Work required
Please produce an exact copy of only the lines from the one with "18255 Maple Spring" through the last one of the material, without pictures.

Provided data
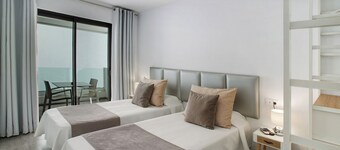 Vacation Home 'Flying La Palma - Yellow' with Mountain View, Terrace & Wi-Fi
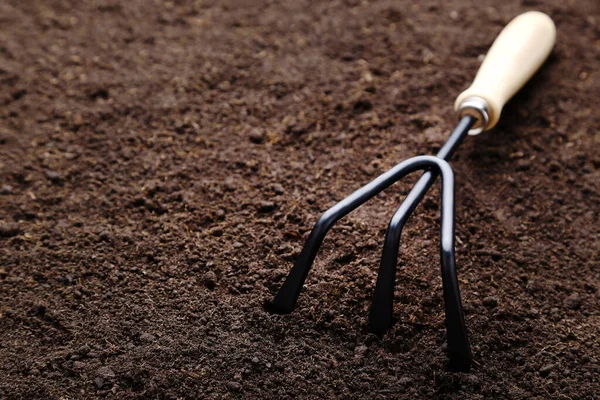 Gartenharke Auf Dem Boden — Stockfoto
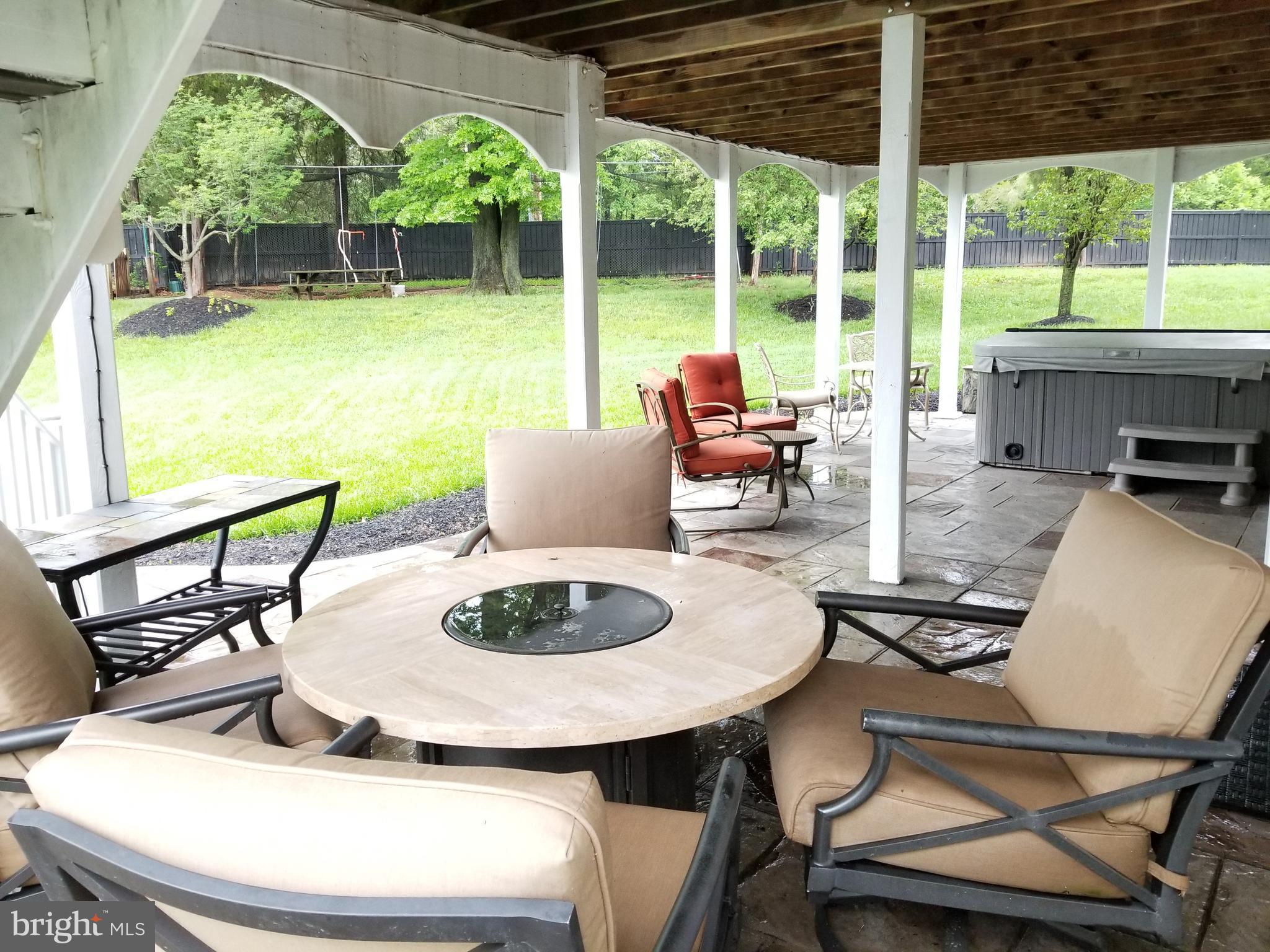18255 Maple Spring Court Leesburg, VA 20176 - Photo 11 of 30 Exterior Living w Hot Tub, TV & Audio System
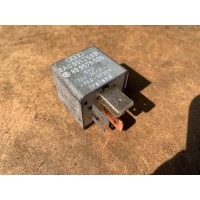 Реле бензонасоса Volkswagen Passat B5 1998 8A0951253B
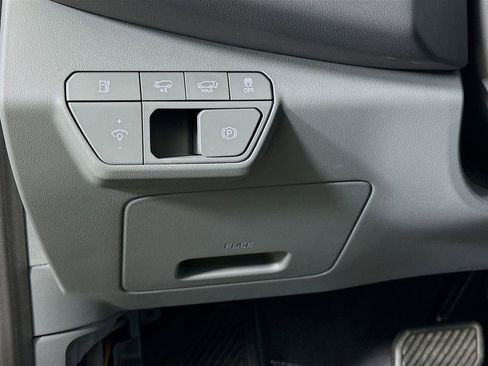 New 2026 Kia EV9 Wind image 11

Written reply
18255 Maple Spring Court Leesburg, VA 20176 - Photo 11 of 30 Exterior Living w Hot Tub, TV & Audio System
 Реле бензонасоса Volkswagen Passat B5 1998 8A0951253B
 New 2026 Kia EV9 Wind image 11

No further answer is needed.